Indigenous leadership is embedded at every level — from community knowledge keepers and local education and health-care champions guiding what is taught and how, to WAHA operating governance and mentorship frameworks rooted in local culture. I am the inaugural director.

CULTURALLY SAFE HEALTH CARE

Other programs across the country share the common goal of making sure Indigenous students can succeed in health education, and ensuring communities benefit from culturally safe, long-term providers.

For example:

• At the University of British Columbia, the Northern and Rural MD Pathway is a distinct admissions stream designed to attract applicants with rural, remote northern or Indigenous community connections — or those passionate about serving such communities — by incorporating a rural and remote suitability Score (RRSS) and early rural placements to support rural and remote training and practice.
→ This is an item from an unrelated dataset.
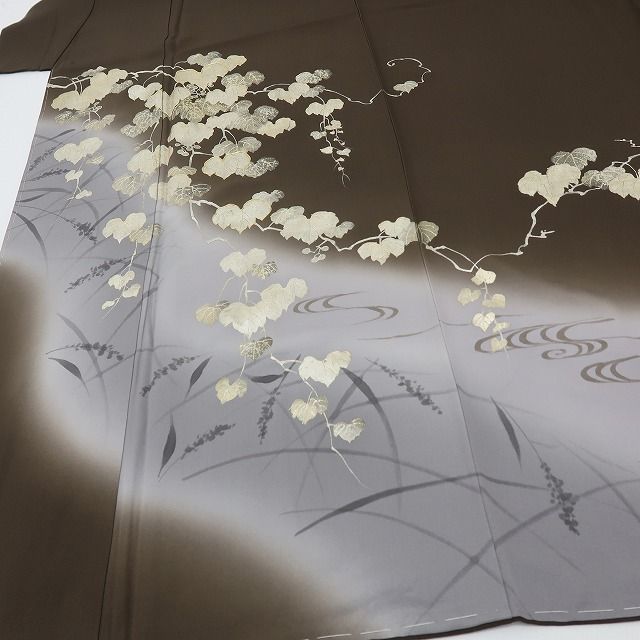 六花-RIKKA- 美品未着用 正絹 作家物落款 この蔦、ただものじゃない! 金駒刺繡 金彩 蔦 訪問着 着物 A6105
• The University of Manitoba’s Mahkwa omushki kiim: Pathway to Indigenous Nursing Education (PINE) supports First Nations, Inuit and Métis students from start to finish. By combining academic help with cultural programming and community connection, it has the goal of boosting retention as it prepares more Indigenous nurses for practice.
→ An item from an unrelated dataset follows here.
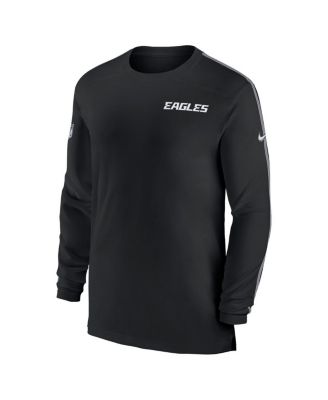 Men's Black Philadelphia Eagles Sideline Coach UV Performance Long Sleeve T-Shirt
Programs like these are concerned with helping whole communities gain consistent, trusted health care. And when trust grows, so does the likelihood that people will seek care early — improving outcomes for everyone.

Beyond such programs, system-wide change is needed to ensure Indigenous learners are supported at every stage, and to support viable pathways to medical training in rural and remote areas.

SYSTEM-WIDE CHANGES NEEDED

Indigenous students face:

• Financial challenges that place professional programs out of reach.

• A lack of affordable housing when they move to cities for education.

• Underfunded K–12 schools that leave them less prepared for competitive admissions.

• Racism and isolation once they enter professional programs.

Location also matters. Research shows that students trained in rural or remote areas are far more likely to practise there after graduation.

For Indigenous students, viable pathways to practising medicine are even stronger when training is grounded in community values and led by Indigenous educators.

RECONCILIATION IN ACTION

Reconciliation is not just about apologies or ceremonies. It’s about real, structural change. In health care, that means:

• Who delivers the care: building a stronger Indigenous health workforce.

• Whose knowledge counts: recognizing Indigenous knowledge alongside Western medicine.

• Who makes decisions: ensuring Indigenous voices lead the design and governance of health programs.

Indigenous-led health education tackles all three. It brings reconciliation down from the level of promises and into the day-to-day realities of patients, providers and communities.

THE WAY FORWARD

Ten years after the TRC, Canadians are right to ask whether reconciliation is real. The answer depends on whether we support Indigenous-led programs — not as small pilots, but as long-term, fully resourced commitments.

The initiatives described here show what’s possible. They are different in scope, but each demonstrates that Indigenous self-determination in health education is not only achievable, it’s already happening.

The next step is clear: supporting Indigenous-led education so that reconciliation moves from promise to practice in communities nationwide.